Giovanni Pico resolveu corajosamente replicar e escreve uma valiosa e profunda Apologia às treze proposições, condenadas (tais como: se Jesus descera aos Infernos, o que aconteceria no fim dos tempos aos condenados por pecado mortal, se a magia e a cabala certificavam a divindade de Cristo, o que devíamos pensar de Orígenes estar condenado, e outras sobre a Eucaristia, os milagres de Jesus, os Anjos, etc.),  o que irritando a Cúria romana  leva à sua condenação por  um breve pontifício em Agosto  de 1487, pedindo-se a sua prisão às autoridades. Pico foge para França, chega a ser preso por uns meses, mas Lourenço de Medicis intercede e recebe-o em Florença onde ele estabiliza e se dedica às obras seguintes, um Comentário a uma canção de Amor e GirolamoBenivieni, o Heptaplo, os Comentários ao Salmo 195 e os Argumentos contra a Astrologia Adivinhatória, defendendo fortemente o livre-arbítrio, e que teve muito cedo tradução parcial para português por Frei António de Beja (1493-1517), Contra o Juízo dos Astrólogos. Só em 18 de Junho de 1493 é que por um breve dirigido ao "dilecto filho e nobre homem Ioanni Pico  conde de Mirandola", o Papa Alexandre VI, um Borgia sábio, retira tal carga das costas e coração do genial e inocente conde da Concordia, que de facto viveu antes do tempo propício e morreu tão precocemente. Será o seu sobrinho Giovanni Francesco Pico que editará as suas obras completas em 1496, com várias cartas, que terão então grande sucesso no século XVI (com sete edições em Itália, a última de 1557, e visível na imagem) e por diante, sobretudo a sua Oração da Dignidade Humana, hoje tão necessária de ser lida e ouvida em alguns aspectos tocantes à identidade do género humano no cosmos hierárquico e das suas potencialidades de degeneração  e de elevação.

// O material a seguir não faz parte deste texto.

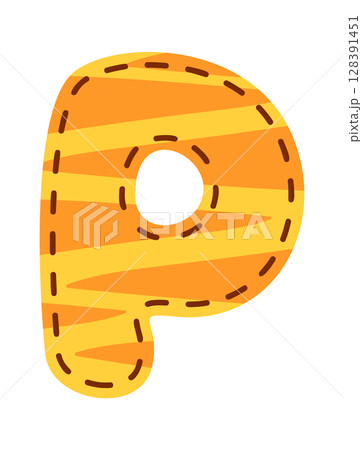 Stitched letter P textile alphabet Stitched letter P textile alphabet 128391451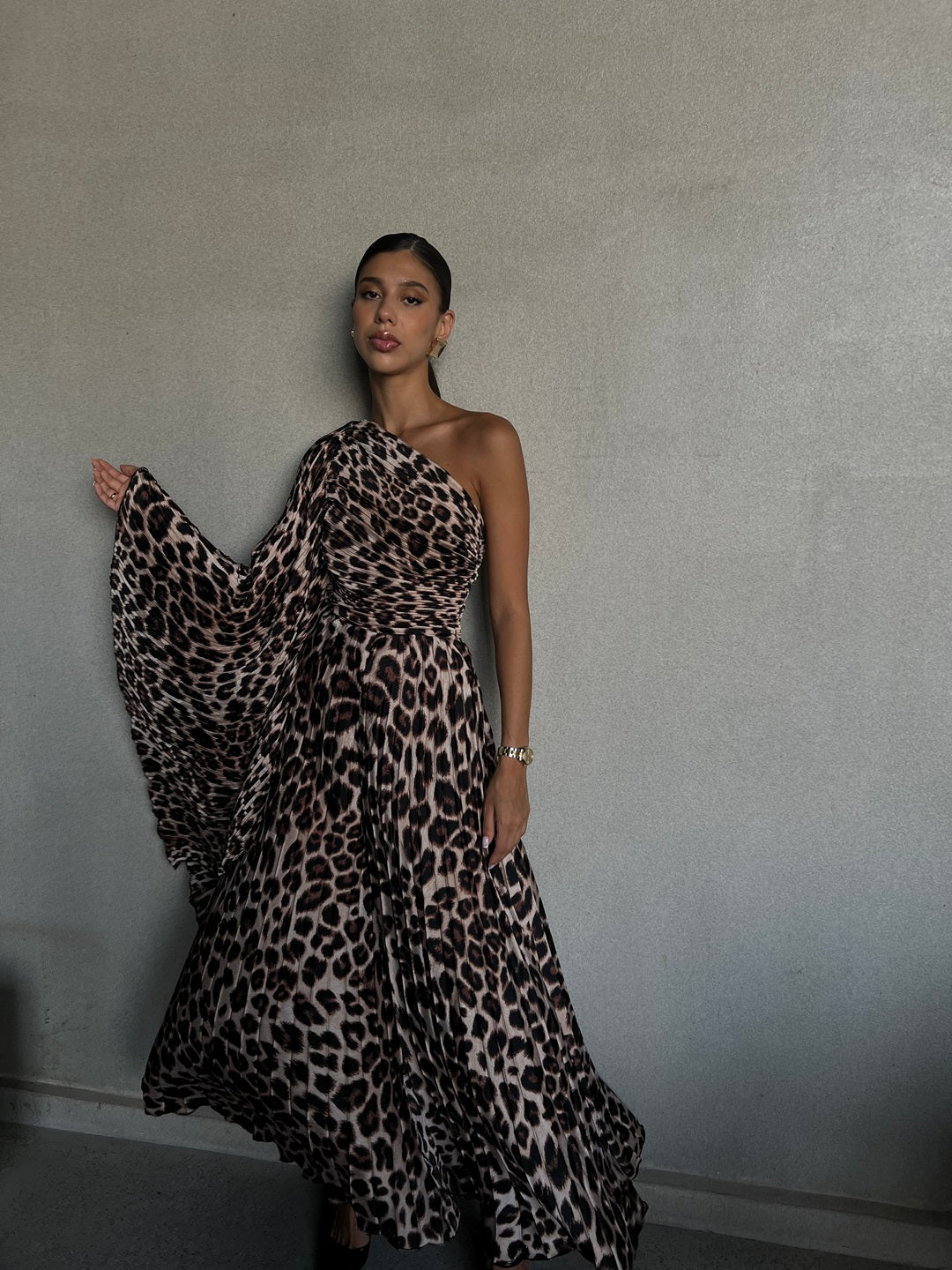 Leopard Plissé Jumpsuit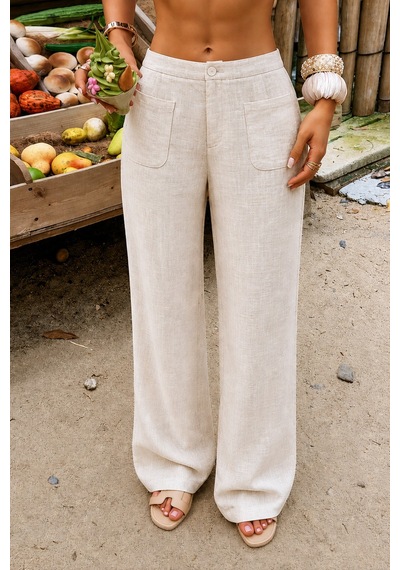 Tarz Cool Kadın Wide Leg Pantolon Ön Cep Detaylı Rahat Kalıp Günlük Pantolon Bej
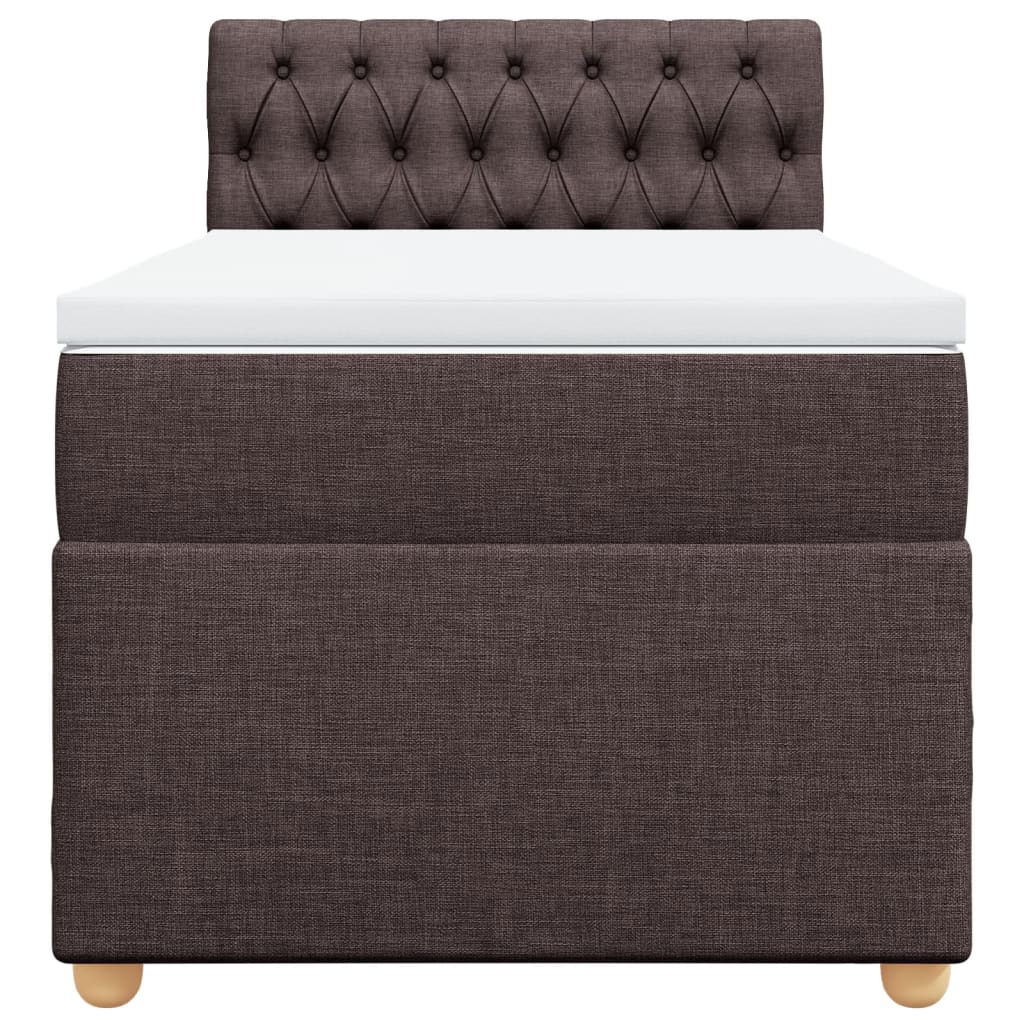 Pat box spring cu saltea, maro închis, 80x200 cm, textil GartenMobel Dekor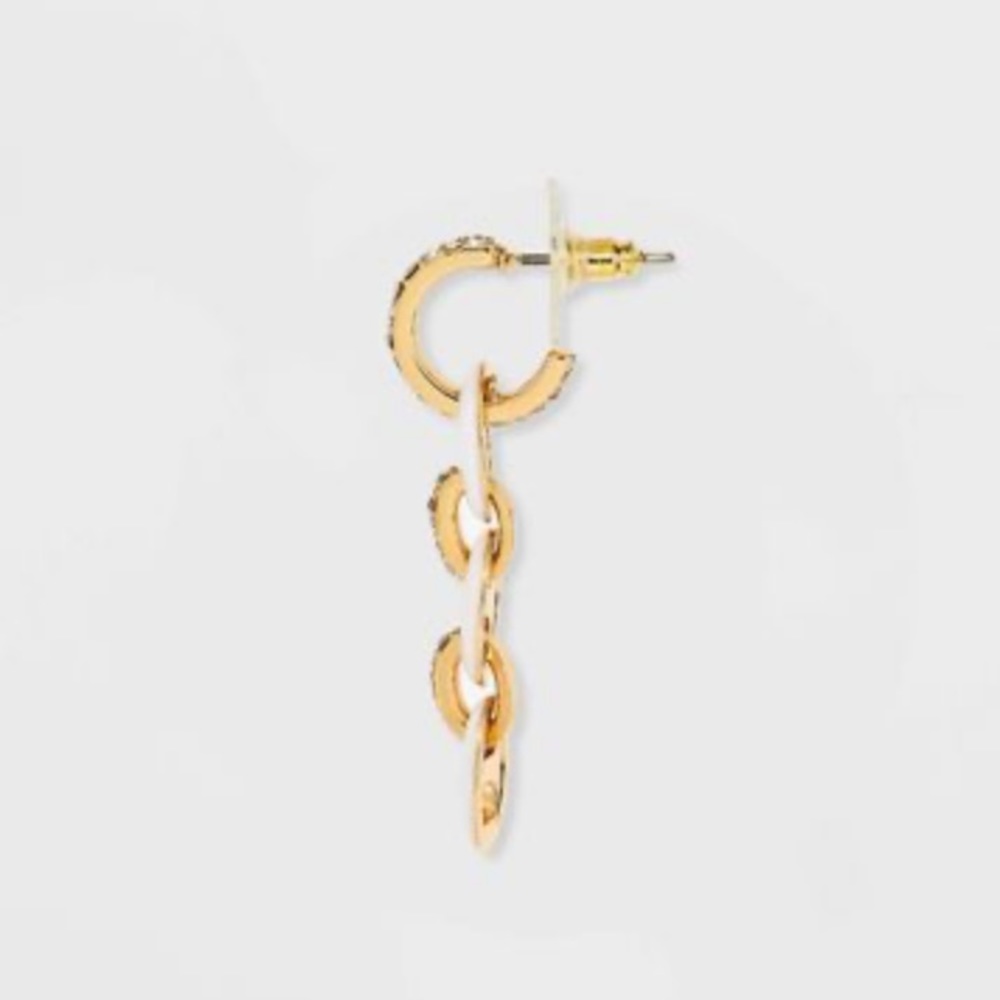 SUGARFIX by BaubleBar Mixed Media Link Chain Drop Earrings White Neon Enamel - Picture 6 of 9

                                                 

Já Ramakrishna Paramahamsa foi um mestre vivo sem problemas quanto à ortodoxia, já que era um sacerdote, de casta imemorial brâmane, e soube, quando questionado ou investigado, brilhar tanto com a sua sabedoria,  boa disposição, simplicidade e sobretudo capacidade de entrar em contacto com o espírito e com a Divindade, que convencia, ou então tocava as pessoas que o visitaram, ou o viam a celebrar o culto da deusa, ou a ensinar, a cantar e em meditação profunda. E muitos dos  diálogos nos últimos anos da sua vida foram registados por um discípulo sábio, Mahendranath Gupta, que os veio a publicar como o Evangelho de Ramakrishna, em 1897, sem dúvida um dos mais belos registos diários de um mestre na tradição dos Vedas, do yoga, da bhakti ou devoção, do Sanatana Dharma

Com efeito a metodologia básica vivida, realizada e depois ensinada, frequentemente em parábolas, foi a tradicional da Índia, a yoguica e, numa síntese das diferentes vias, Ramakrishna privilegia e realça para a época, idade ou era em que se estava (e está, na ciclicidade das Yugas), a Kali Yuga, a sadhana bhakti, ou seja, as práticas de aproximação afectiva, devocional e de amor à Divindade, qualquer que seja a forma ou encarnação, concepção ou nome com que Ela seja adorada, invocada,  vivenciada.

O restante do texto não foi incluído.